La lucha entre el sindicato de maestros y el movimiento de reforma educativa se produce en un momento de cambio de la dinámica política para ambos grupos.

La CTA ha sido durante mucho tiempo una de las fuerzas más poderosas en California, una gran influencia en la política demócrata. Gastó más de $53 millones para bloquear una serie de medidas propuestas por el entonces gobernador Arnold Schwarzenegger en 2005, lo que llevó a una reprimenda electoral que reformuló su cargo de gobernador. Pero el sindicato enfrenta desafíos, en particular una decisión de la Corte Suprema que se espera en junio, que evitaría que los sindicatos de empleados públicos en California y otros estados cobren cuotas a sus agremiados. 

Mientras tanto, los patrocinadores de las escuelas charter están cada vez más activos en California, y gastaron decenas de millones de dólares en elecciones en los últimos años, con diferentes niveles de éxito.

En 2014, gastaron más de $10 millones en un intento infructuoso de elegir a Tuck, un demócrata y antiguo líder de escuelas charter cercano a Villaraigosa, como el jefe de las escuelas del estado. La CTA gastó $12 millones para derrotarlo. Pero el año pasado ganaron su primera mayoría en la junta que supervisa el amplio sistema escolar de Los Ángeles.

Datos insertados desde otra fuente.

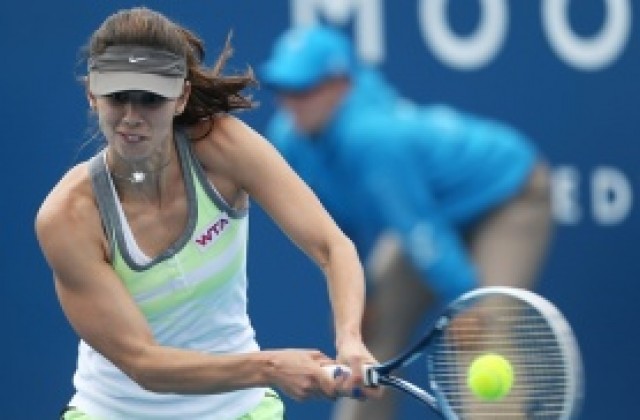 Пиронкова премина ситото на квалификациите в Сидни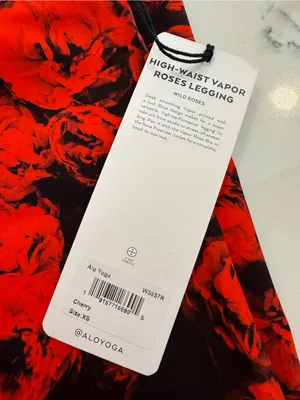 ALO Yoga Red & Black Floral High-Rise Leggings thumbnail 3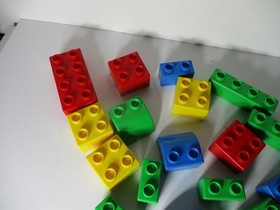 LEGO Quatro: Small Quatro Bucket (5355) 18 PIECES PCS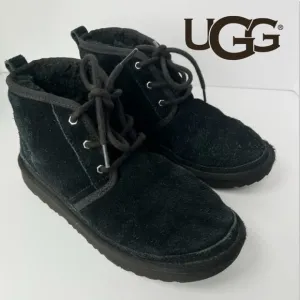 UGG Neumel II Kids Size 4 Black Suede Sherpa Chukka Boots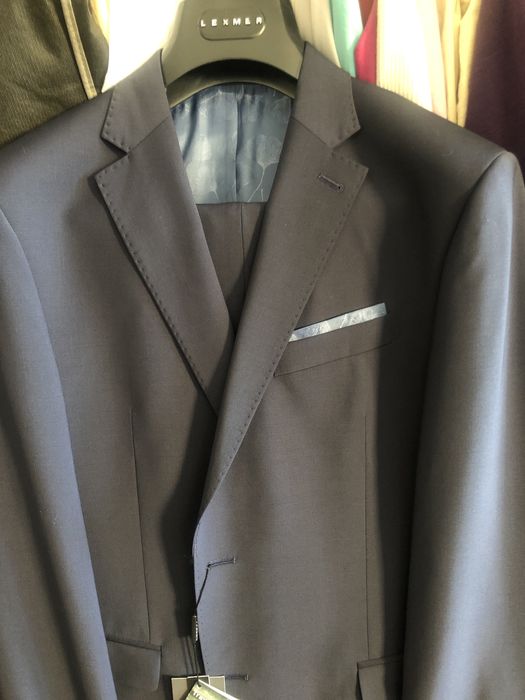 Продам новый  итальянский костюм мужской двойка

La política nacional también es un factor importante. Los inovadores de la educación estuvieron en auge durante la administración de Obama, cuando algunos líderes demócratas prominentes cuestionaban públicamente las prioridades de los gremios docentes. Pero ahora son vinculados con la administración de Trump, principalmente con DeVos, execrable en los círculos demócratas.

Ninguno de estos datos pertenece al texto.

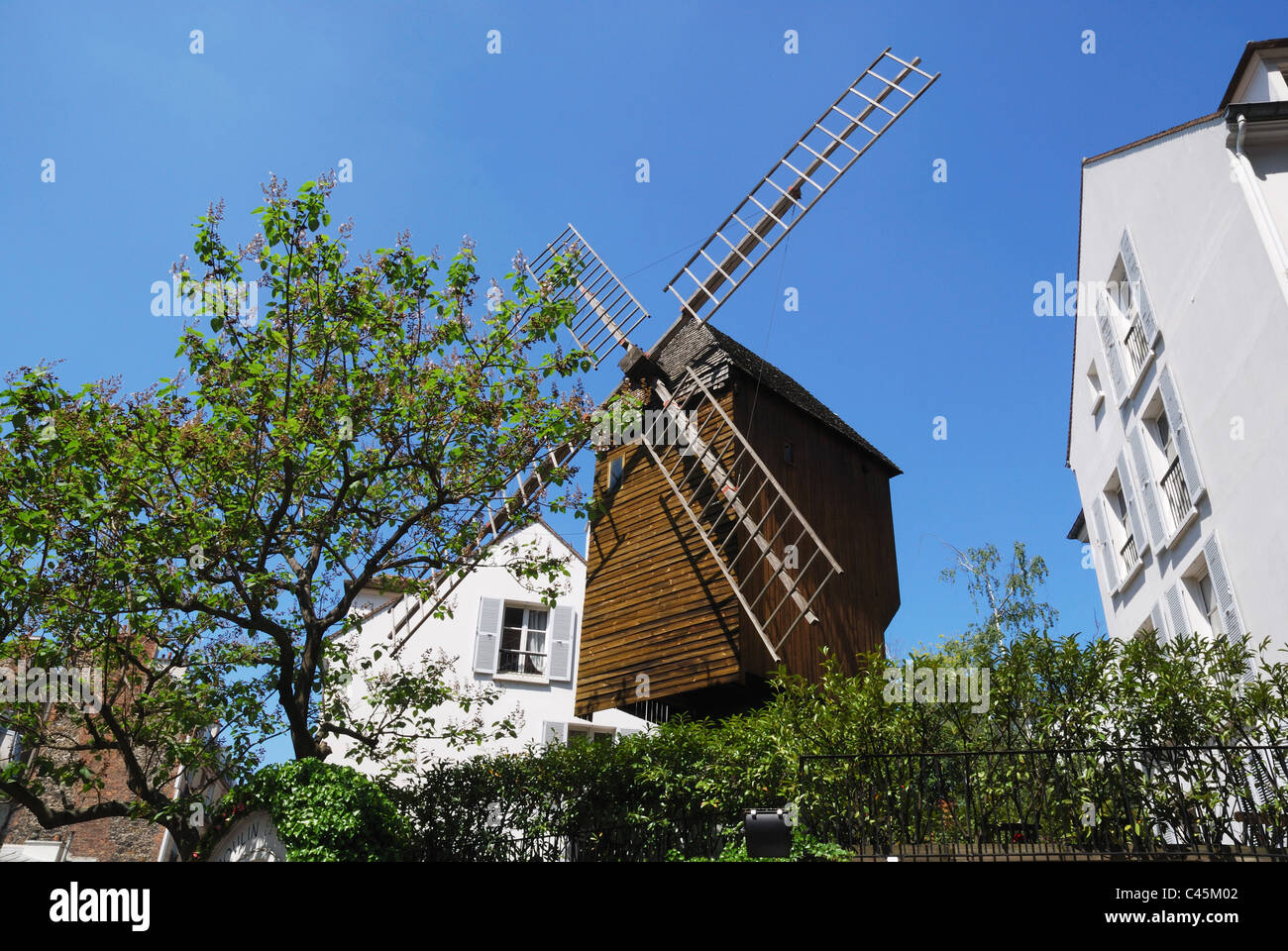 Moulin de la Galette, Montmartre, Parigi, Francia Foto Stock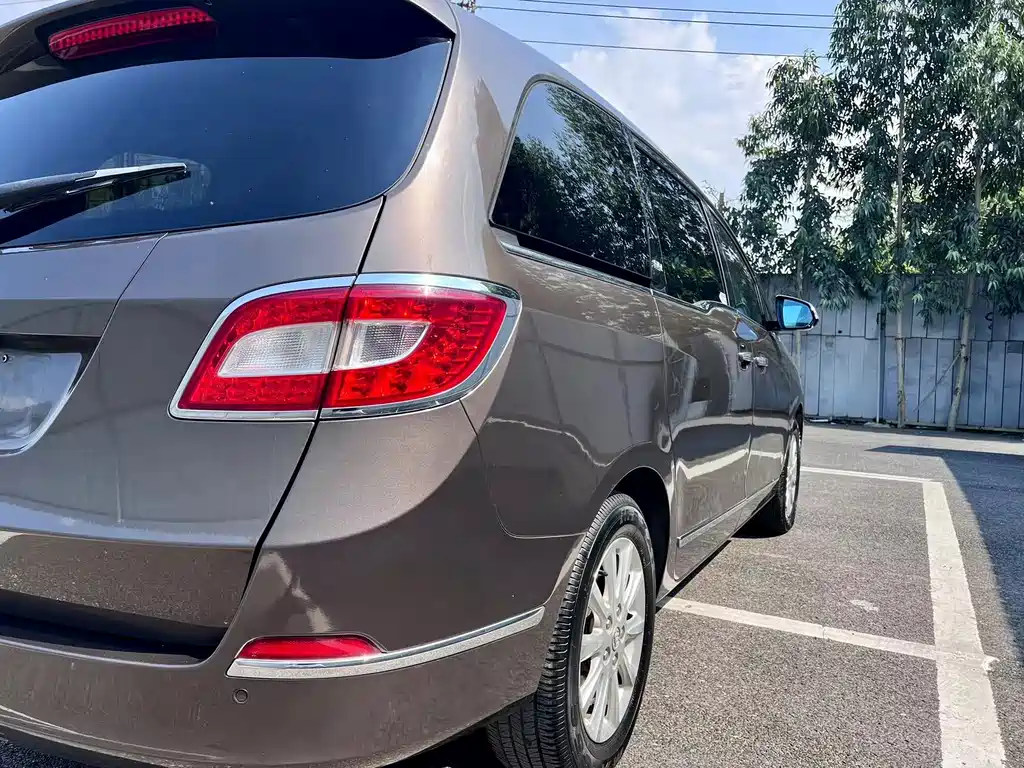 Buick GL8 — миниатюра 8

Mientras tanto, en California, el mayor enfoque del gobernador Jerry Brown en la educación fue cambiar la fórmula de financiamiento escolar para generar más dólares en las escuelas K-12 de las comunidades desfavorecidas. Pero en gran medida se mantuvo al margen en el debate entre los sindicatos de maestros y los patrocinadores de las charter, en parte para evitar la fragmentación de la coalición que respaldaba la revisión de sus fondos escolares.

El próximo gobernador probablemente deberá abordar más enérgicamente la división entre los sindicatos y los que se oponen a sus poderes.